[CANCELLED] Reimagining Journalism: Commercial Collapse & Post-Capitalist Alternatives
309 Regent St
Marylebone, London W1B 2HT
UK
As local media institutions collapse and news deserts sprout up across the US and beyond, commercial journalism is facing a profound crisis. Meanwhile, continuous revelations about the role that major media outlets—from Facebook to Fox News—play in the spread of misinformation have exposed deep pathologies in American and global communication systems.
In his new book, Democracy without Journalism?, Victor Pickard argues that we’re overlooking the core roots of the crisis. By uncovering degradations caused by run-amok commercialism, he brings into focus the historical antecedents, market failures, and policy inaction that led to the implosion of commercial journalism and the proliferation of misinformation through both social media and mainstream news. The problem isn’t just the loss of journalism or irresponsibility of Facebook, but the very structure upon which our profit-driven media system is built. The market never supported the levels of journalism — especially local, international, policy, and investigative reporting — that a healthy democracy requires. Today these long-term defects have metastasized.

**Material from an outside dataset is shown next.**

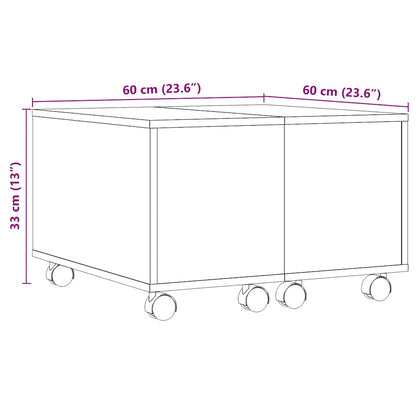 Salongbord gammelt tre 60x60x38 cm konstruert tre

In this book, Pickard presents a counter-narrative that shows how the modern journalism crisis stems from media’s historical over-reliance on advertising revenue, the ascendance of media monopolies, and a lack of public oversight. The book envisions what a new kind of journalism might look like, emphasizing the need for a publicly owned and democratically governed media system. Amid growing scrutiny of unaccountable monopoly control over media institutions and concerns about the consequences to democracy, now is an opportune moment to address fundamental flaws in commercial news and information systems and push for alternatives. Ultimately, the goal is to reinvent journalism.
Biography:
Victor Pickard (@VWPickard) is an Associate Professor at the University of Pennsylvania’s Annenberg School for Communication, where he co-directs the Media, Inequality & Change (MIC) Center. Currently he is a visiting fellow at Goldsmiths and LSE. His research on the history and political economy of media institutions has appeared in a wide range of academic and popular publications. He is the co-author of After Net Neutrality: A New Deal for the Digital Age and the author of Democracy without Journalism? Confronting the Misinformation Society.